8 weeks to become a software dev in Vancouver...? Sure. - zallen
http://www.vancitybuzz.com/2014/01/12-reasons-to-join-vancouvers-tech-revolution-in-2014/
8 weeks! Also, Vancouver salaries suck.
======
zallen
Found this sneaky advertorial for CodeCore Bootcamp, which promises to make
you a software developer in only 8 weeks! 8 weeks! Sos that you can access
fabulous jobs in Vancouver for the exceptionally high average salary of $50k a
year! FIFTY K, PEOPLE.

Amusing rebuttal here (more about Vancouver than the 8 weeks aspect):
[http://blog.deliciousjuice.com/2014/01/07/12-reasons/](http://blog.deliciousjuice.com/2014/01/07/12-reasons/)

So. 8 weeks? To make a software dev?
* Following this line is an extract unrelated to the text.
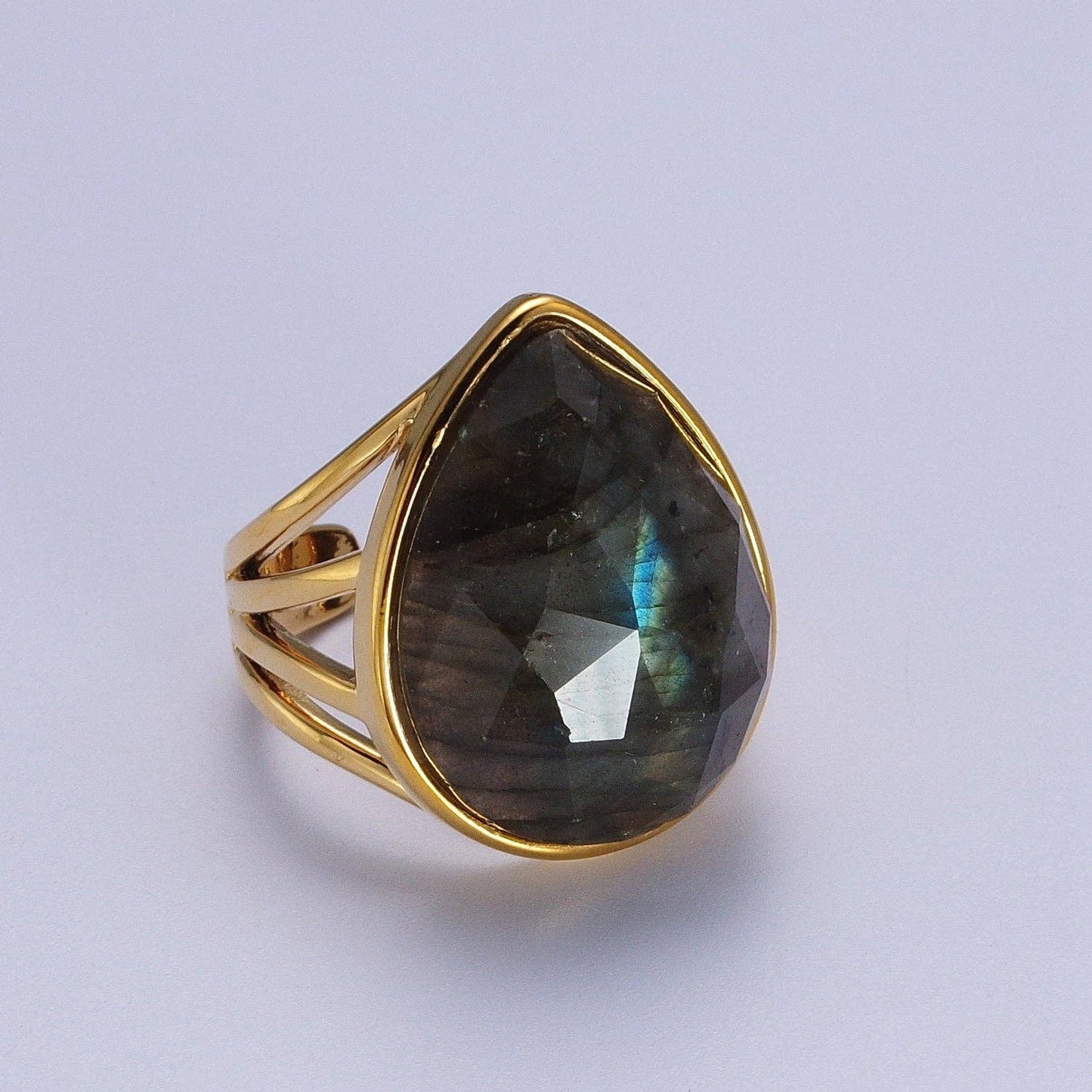 Colorful Teardrop Gemstone Ring Y446 ~Y451, Y459, Y480, Y481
A Hootsuite intern, perhaps...

I'd argue that it takes several years to develop a problem-solving toolkit,
best-practices, and just enough fundamental theory to be a half-decent
developer with both breadth and depth enough to write non-embarrassing,
maintainable code without needing tonnes of support, feedback (which is always
helpful, but particularly essential in early days), and nights spent falling
asleep with K&R on your face. Whether that's in school or out, getting
employable takes time: time spent doing code, and thinking about it, and
talking about it. I feel like these CodeGuru guys are being misleading at
best, and that article reads to me almost like satire.